** PROBLEM TO SOLVE **
Reproduce word for word the lines from the beginning of the entries to the line with "Το κτήριο όπου", both included, but none of the pictures.
#####
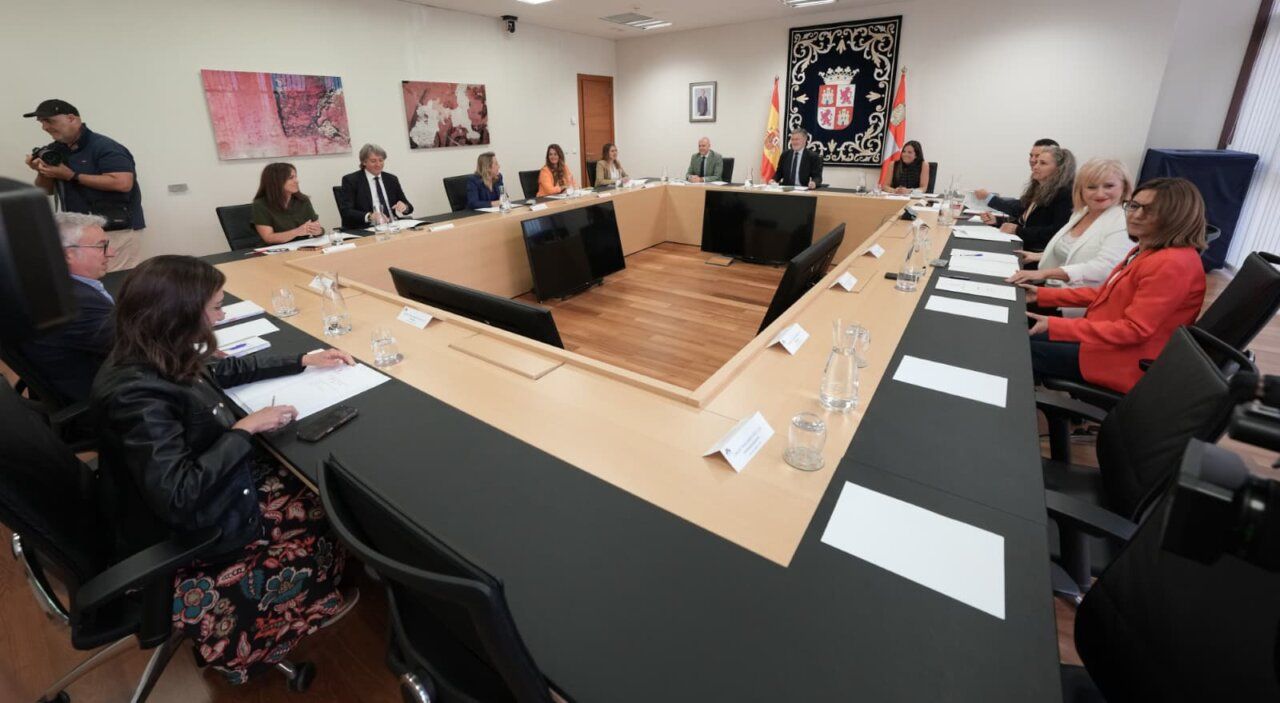Reunión de la Junta de Portavoces con varios participantes en una mesa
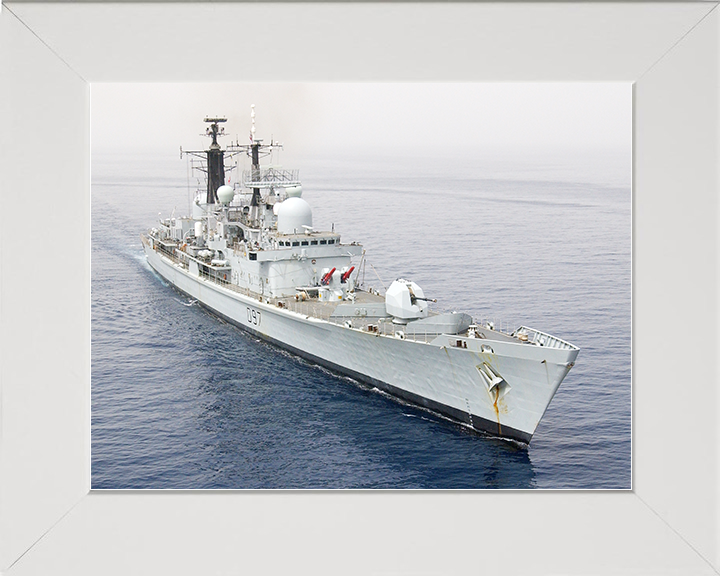 HMS Edinburgh (D97) Royal Navy Type 42 Destroyer High Starboard Bow View at sea Photo Print Wall Art Decor Posters, Prints, & Visual Artwork Hampshire Prints 10 x 8 White Frame No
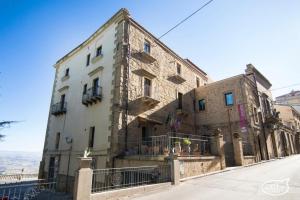 Το κτήριο όπου στεγάζεται  ο ξενώνας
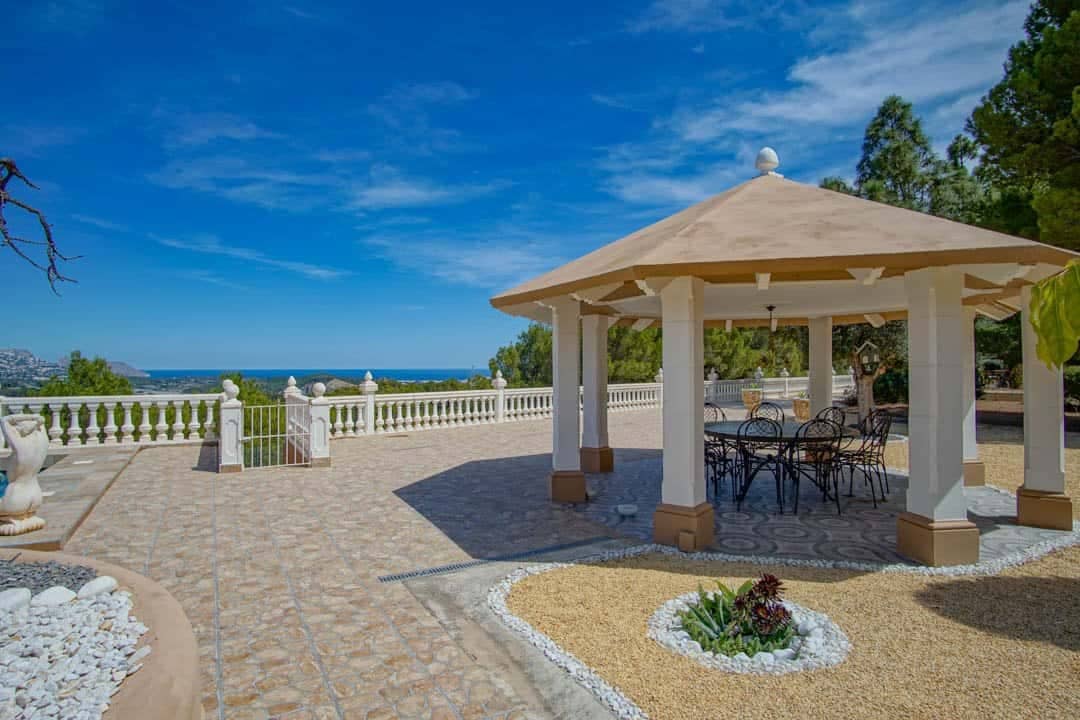 8 chambre Villa/Maison à vendre à La Nucia avec piscine - 2 500 000 € (Ref: 9761166)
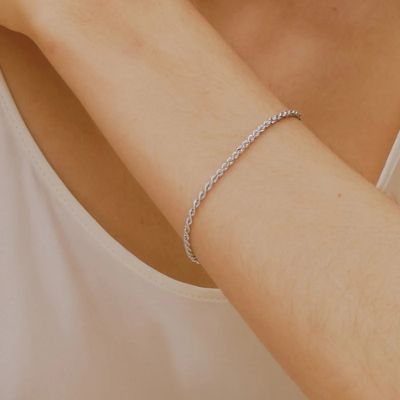 ｄｅｌｉｇｈｔ　ｂｒａｃｅｌｅｔ　ＷＨＩＴＥ　ＧＯＬＤ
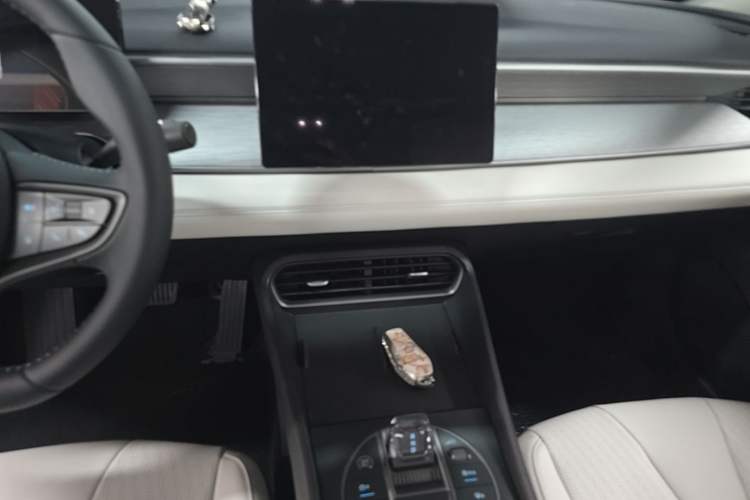 Used BYD Seal 05 DM-i 2025 DM-i Smart Drive 55KM Luxury Model Audio And AC Panel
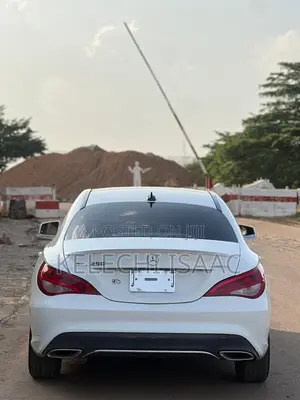 Mercedes-Benz CLA-Class CLA 250 4MATIC Sedan 2019 White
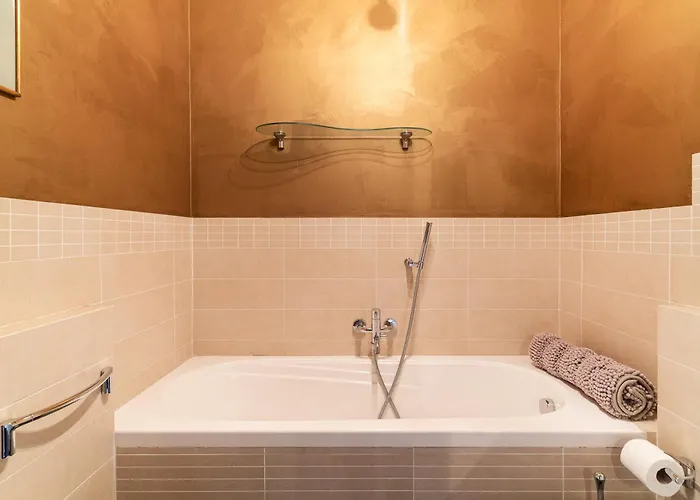 Pagano - Salutati - Ampio E Luminoso Trilocale *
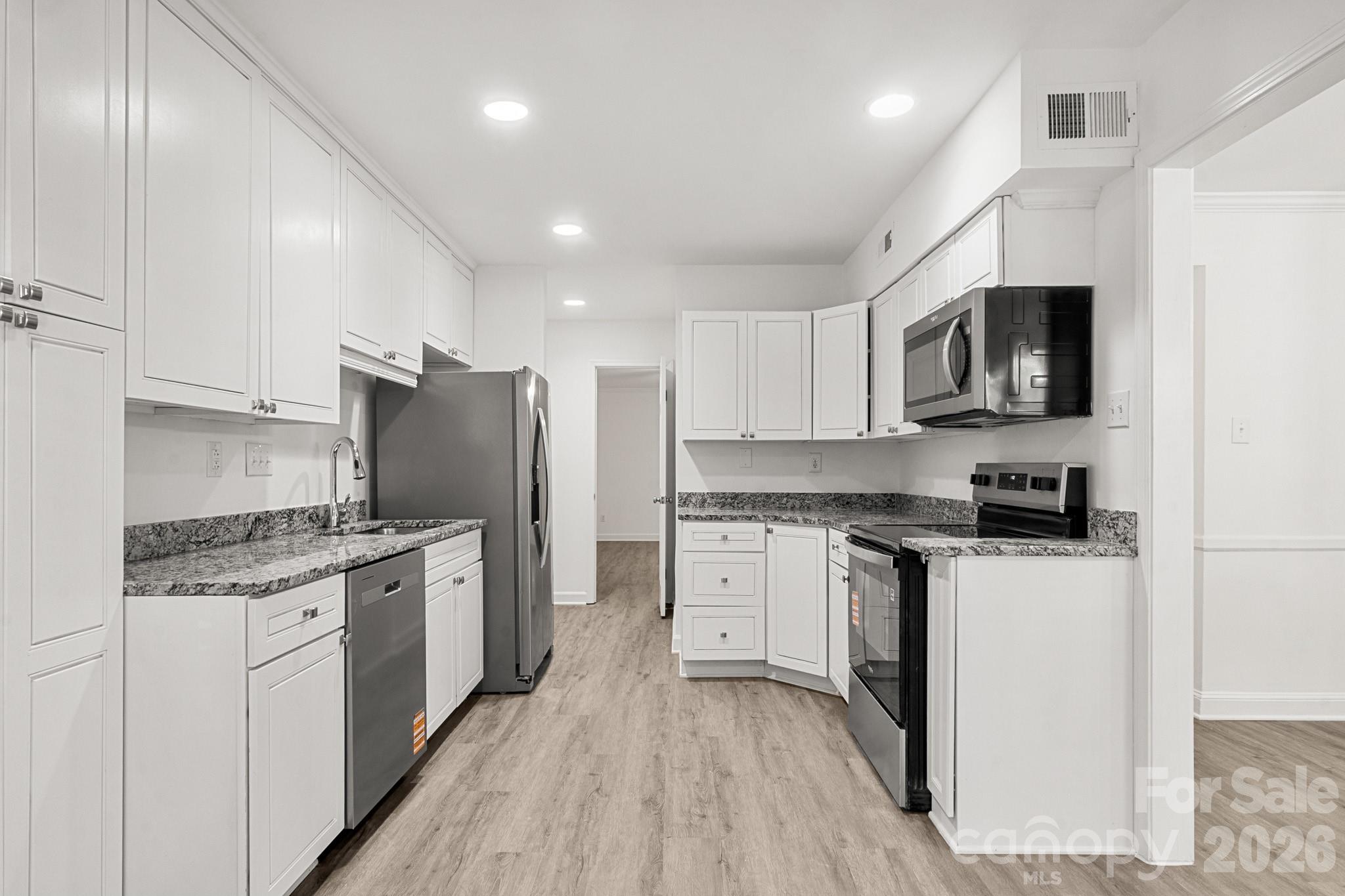 6748 Constitution Lane Property Photo 9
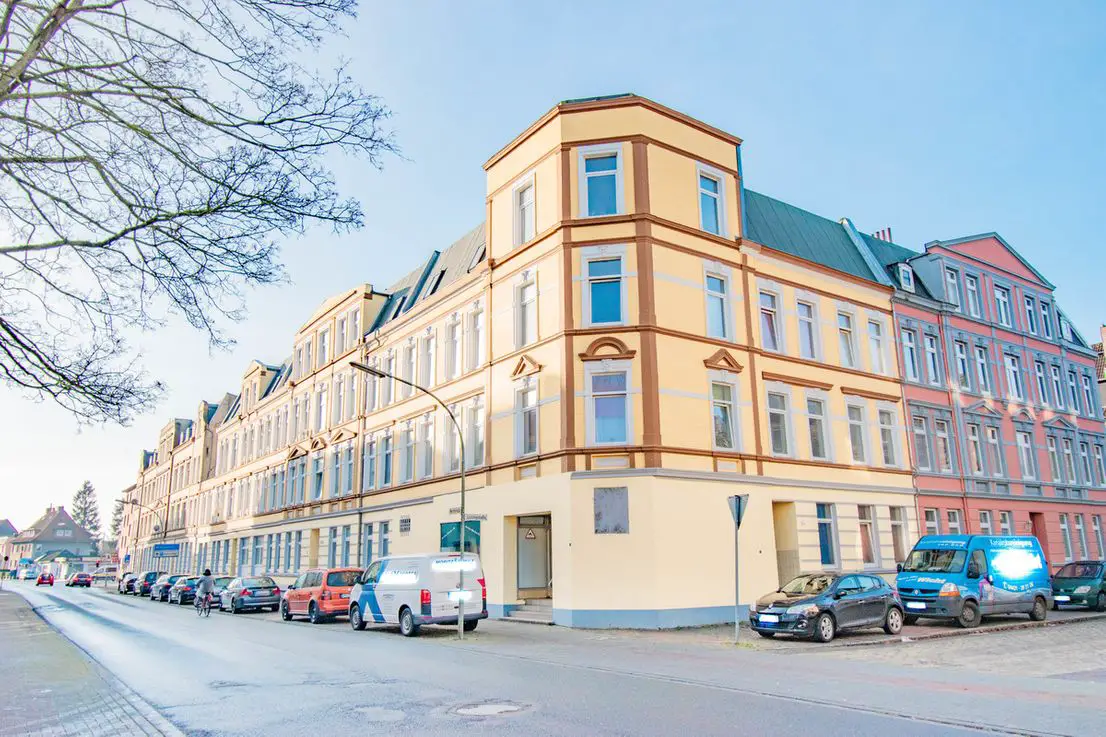 Straßenansicht -- Schöne 2,5 Zimmer Wohnung in zentraler Lage in Wilhelmshaven
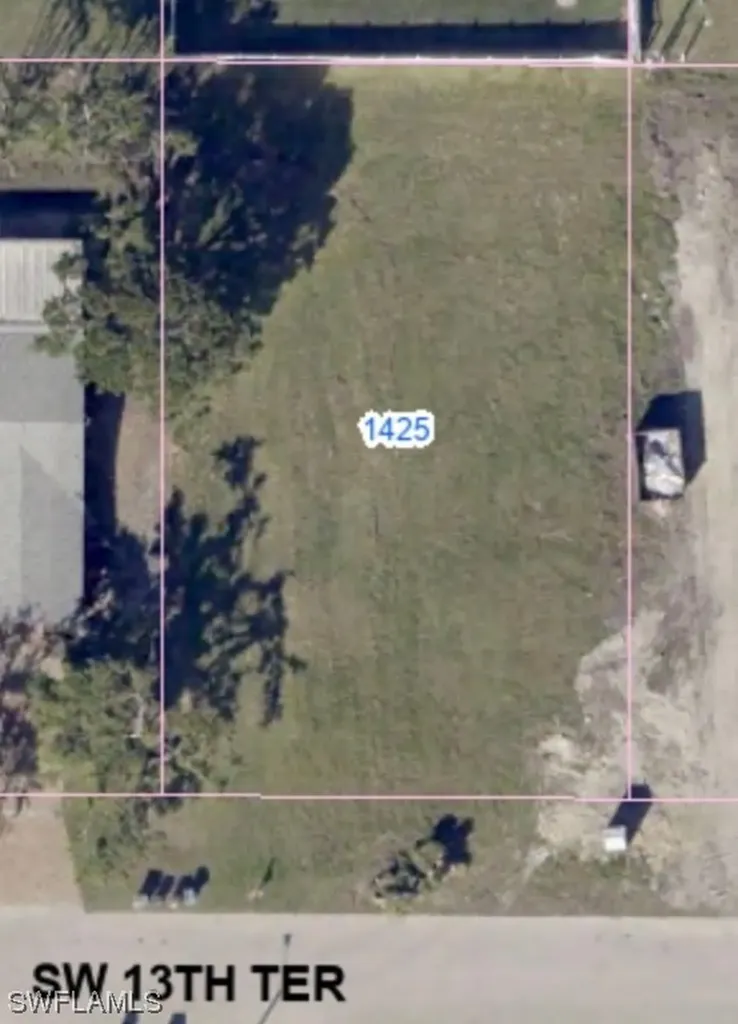 1425 SW 13th Terrace Cape Coral FL 33991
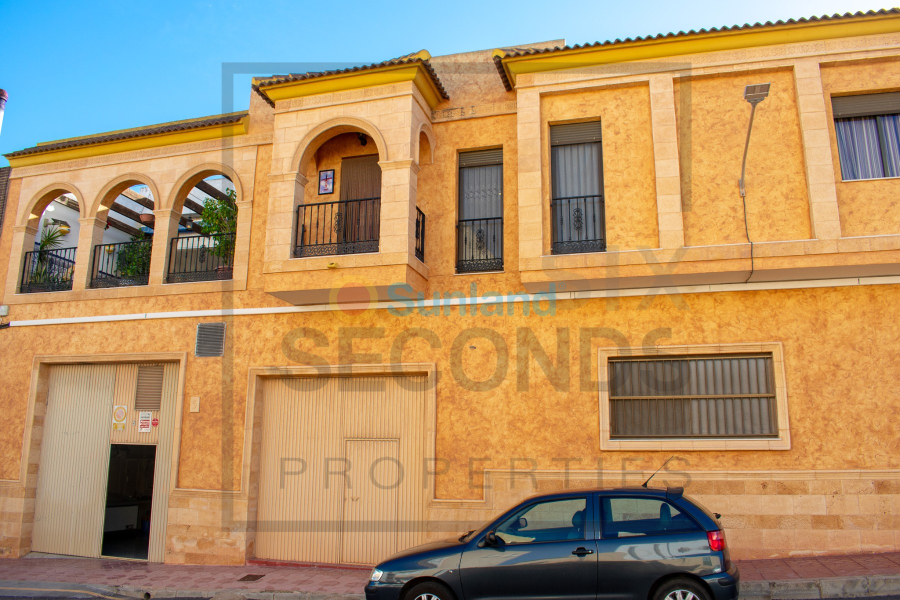 Resale - Villa - Guardamar del Segura -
#####
** ANSWER SPACE **
Reunión de la Junta de Portavoces con varios participantes en una mesa
 HMS Edinburgh (D97) Royal Navy Type 42 Destroyer High Starboard Bow View at sea Photo Print Wall Art Decor Posters, Prints, & Visual Artwork Hampshire Prints 10 x 8 White Frame No
 Το κτήριο όπου στεγάζεται  ο ξενώνας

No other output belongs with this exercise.